- _Activity_: Reproduce what is written in the records below exactly, and leave out the images.

- _Dataset excerpts_:
━━━━━━━━━━━━━━━━━━━━

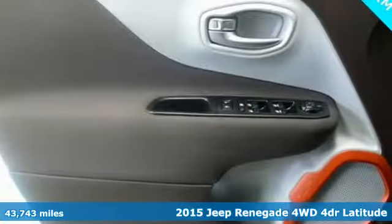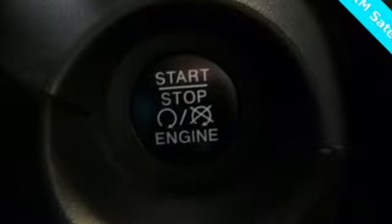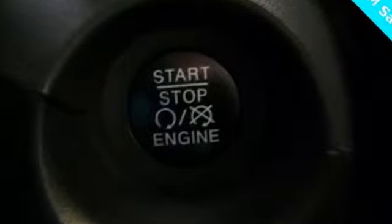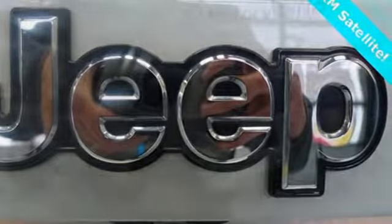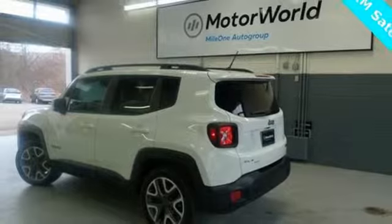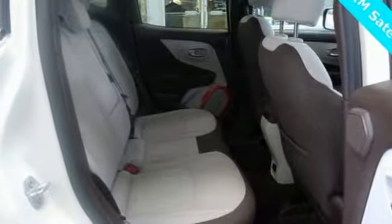It comes nicely equipped with features you'll love: inline four-cylinder engine, dual-zone climate control, streaming audio, leather steering wheel, power heated mirrors, external memory control, aluminum wheels, doors and push-button start proximity key, and automatic transmission.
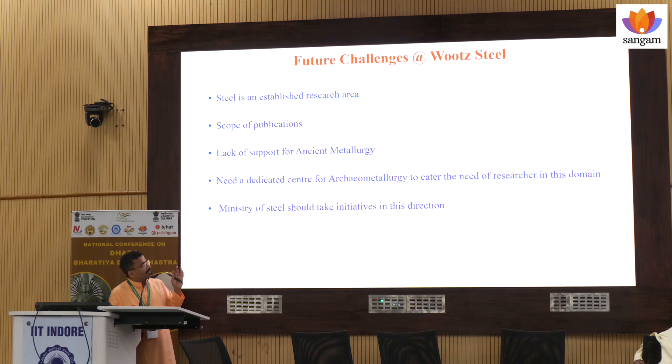We should focus and the government should somehow provide some initiative. I am happy that IKS is taking interest in such things and they are financing in our department. There are three such projects funded by IKS.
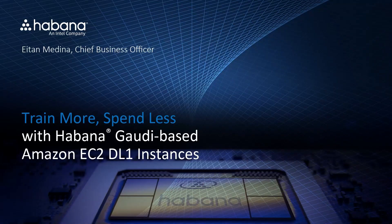Hi, I'm Eitan Medina, Chief Business Officer of Habana Labs, an Intel company. Today, I want to tell you how Habana's Gaudi AI processors are driving large leaps in efficiency in training models.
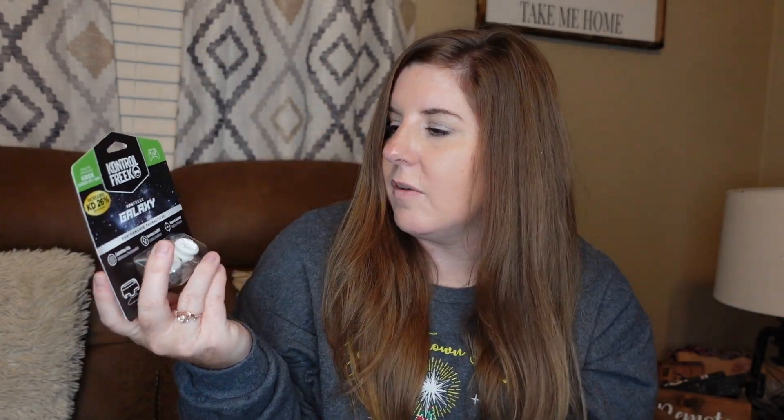The next thing was from his Amazon list — these are little thumb stick pieces for his Xbox controller. I think his are getting worn out. They're a little cushiony, so it's a comfort thing. He had asked for that. This is also something that all of the kids are getting: one of these little screen cleaners. I found this on Temu — I'll do my best to say where I got everything from and link things down below.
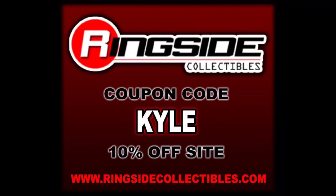Hey everyone, Kyle here, and welcome back to the channel for a Jax Deluxe Impact unboxing and review. Today from Series 2, we got Hulk Hogan. For all your Hulk Hogan needs and a whole lot more, make sure you're hitting up Ringside Collectibles. Use discount code KYLE — save yourself 10%.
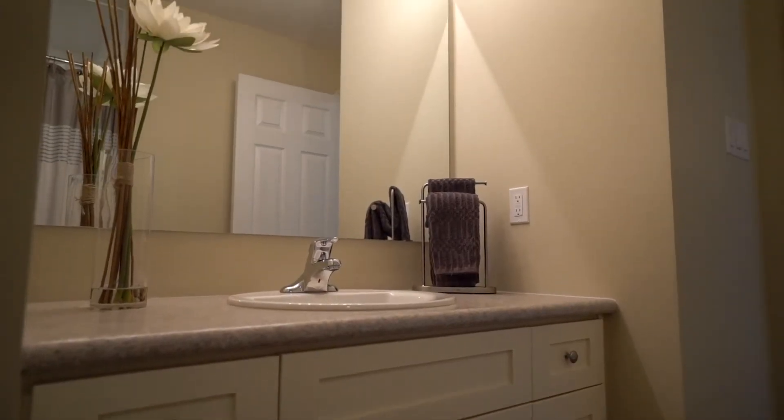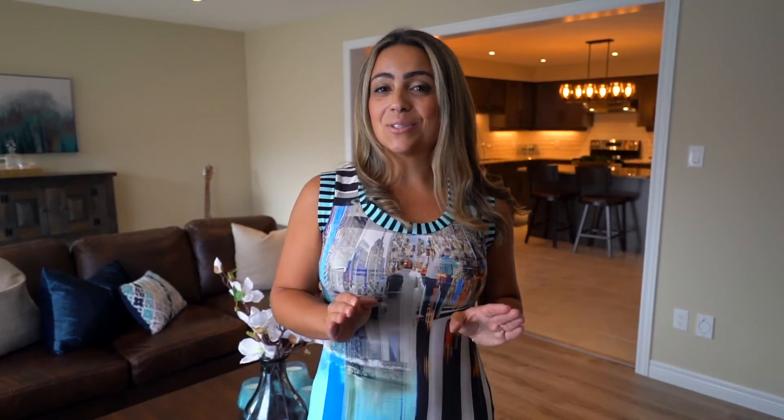This home neighbouring Riverbend and Byron is affordable and move-in ready, so don't miss your opportunity and give us a call today.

━━━━━━━━━━━━━━━━━━━━

- _Answer section_:
It comes nicely equipped with features you'll love: inline four-cylinder engine, dual-zone climate control, streaming audio, leather steering wheel, power heated mirrors, external memory control, aluminum wheels, doors and push-button start proximity key, and automatic transmission.
We should focus and the government should somehow provide some initiative. I am happy that IKS is taking interest in such things and they are financing in our department. There are three such projects funded by IKS.
Hi, I'm Eitan Medina, Chief Business Officer of Habana Labs, an Intel company. Today, I want to tell you how Habana's Gaudi AI processors are driving large leaps in efficiency in training models.
The next thing was from his Amazon list — these are little thumb stick pieces for his Xbox controller. I think his are getting worn out. They're a little cushiony, so it's a comfort thing. He had asked for that. This is also something that all of the kids are getting: one of these little screen cleaners. I found this on Temu — I'll do my best to say where I got everything from and link things down below.
Hey everyone, Kyle here, and welcome back to the channel for a Jax Deluxe Impact unboxing and review. Today from Series 2, we got Hulk Hogan. For all your Hulk Hogan needs and a whole lot more, make sure you're hitting up Ringside Collectibles. Use discount code KYLE — save yourself 10%.
This home neighbouring Riverbend and Byron is affordable and move-in ready, so don't miss your opportunity and give us a call today.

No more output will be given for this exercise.